Why did we not lockdown when the hospitals were at 95 percent capacity in previous years? Would love anyone's thoughts on this as it baffles me.
Because we were not facing a virus with exponential spread.
Because we were not facing a novel virus on top of all the other usual winter disease.
OP I agree that the NHS has been chronically underfunded and that has become more of an issue through this. But what I am puzzled by on this thread is why people think the government are doing this. They are a Tory government. They have proven themselves to not give a fig about the vulnerable over the past 10 years. They care about business and the economy. And yet you accuse them of pissing all of that up the wall for no reason at all, or to save 80 year olds who were going to die anyway.
Many countries are having the exact same issues, whatever the government does, because this thing spreads. For those who go on and on about the small death rate and the fact that it's mostly those pesky vulnerable who die of it, do you not realise a small percentage of a massive number is still a huge number? And whatever you want to say about average ages of death, an average means numbers on both sides, and the evidence from the ground on wards is of many younger people hospitalised because of that law of averages.
But this was never about saving lives. This was always about trying to stop the NHS becoming so overwhelmed that the rest of society doesn't break down. For those saying it's all madness, what are you actually suggesting is the solution to this, that doesn't actually cause further breakdown in the areas you claim to be so concerned about?
If covid was left to burn through, what do you think would happen to those with other conditions like cancer? Would they now magically somehow have their treatment all restored on time, or would it be even more set back - and catastrophically so in huge numbers - because of the sheer number of covid admissions caused by lack of restrictions? Hospitals treat acute things as urgent priority and that's why they are doing this: because covid presents as acute emergency, whereas many other chronic conditions do not in such great numbers piling on all at once. Until, that is, covid is left to rip through and all these other conditions left without treatment.

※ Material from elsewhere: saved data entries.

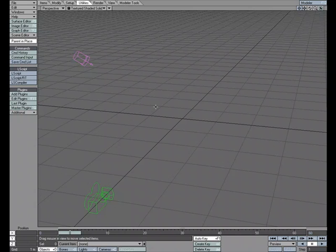Someone in the online community was looking for a way to mimic what PointClonePlus in Modeler does but wanted to do it in layout. So I thought we could take a look at one way of going about doing it.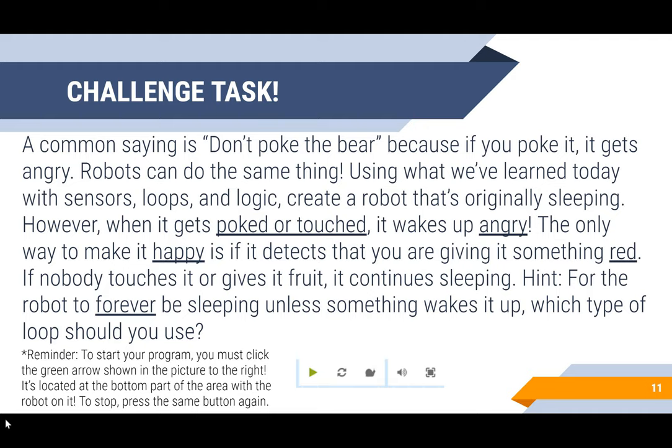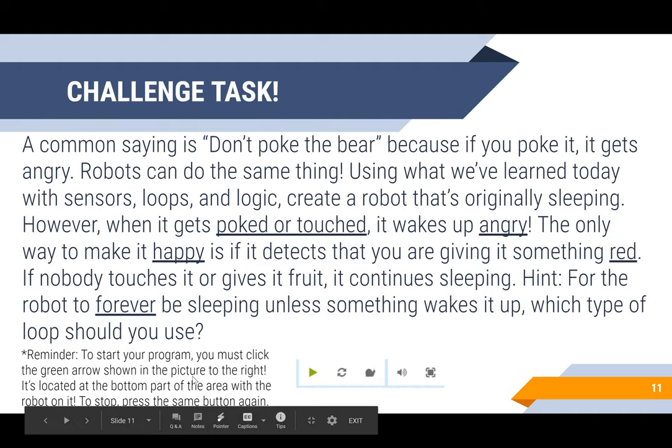Reminder: to start your program, you must click the green arrow shown in the picture to the right. It's located at the bottom of the area with the robot on it. And to stop, you're going to press the same button again and it'll look like a square.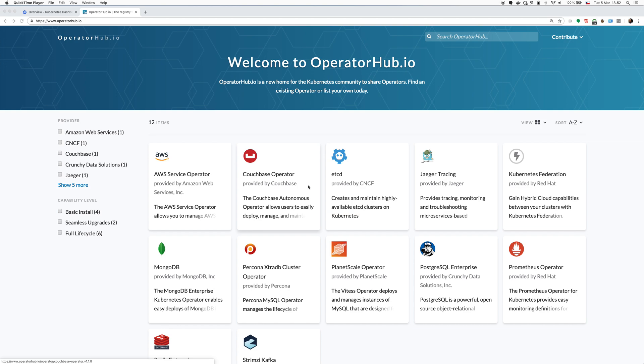OperatorHub.io is a registry of Kubernetes operators where you can easily install them, and the Strimzi project is part of it. In this video I want to show you how to install Strimzi using OperatorHub.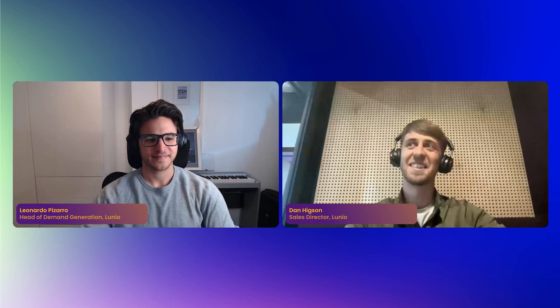With us we have our sales director and product expert Dan Hickson. Thanks for the intro — this is actually my first webinar so super looking forward to it. I'm Dan, sales director here at Lunio. I started here three and a half years ago when Lunio was previously known as PPC Protect, a team of maybe six or seven of us, and since then we're now at around 70 people.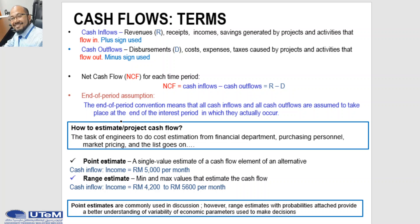Point estimates are commonly used in discussions. However, range estimates with probabilities attached provide a better understanding of the variability of economic parameters used to make decisions. The cash flow diagram is a very important tool in an economic analysis, especially when the cash flow series is complex.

What would happen to mental health services? You are concerned about people's mental health due to lockdown and rightly so. But if an exponential virus is let rip then it reaches into all areas of society. It decimates everything. Mental health staff sick and isolating in ever growing numbers, patients themselves getting sick, the escalation of it would be intense and awful.
What about businesses? If covid were left alone, would businesses magically be fine after all, or would the unimaginable effects of an exponential virus have even more adverse effects? People would stop shopping, stop going to the pub. Society would break down in greater measure than now, all because of numbers.
Of course the government should invest a whole lot more in cancer research and mental health services. They have been incredibly lacking in their support of such things and their ideology of austerity. But when you have an acute situation you have to respond to that first in order to cope with all the other things.
I am no Tory fan. I have never voted for them in my life. And I think they have made a huge mess of all this. But I don't see what the solution is. When you are all saying this is madness, what is the alternative? What is your solution?
Please don't say shield the vulnerable. That is not a practical or compassionate solution seeing as the vulnerable number millions and are so integrated in society.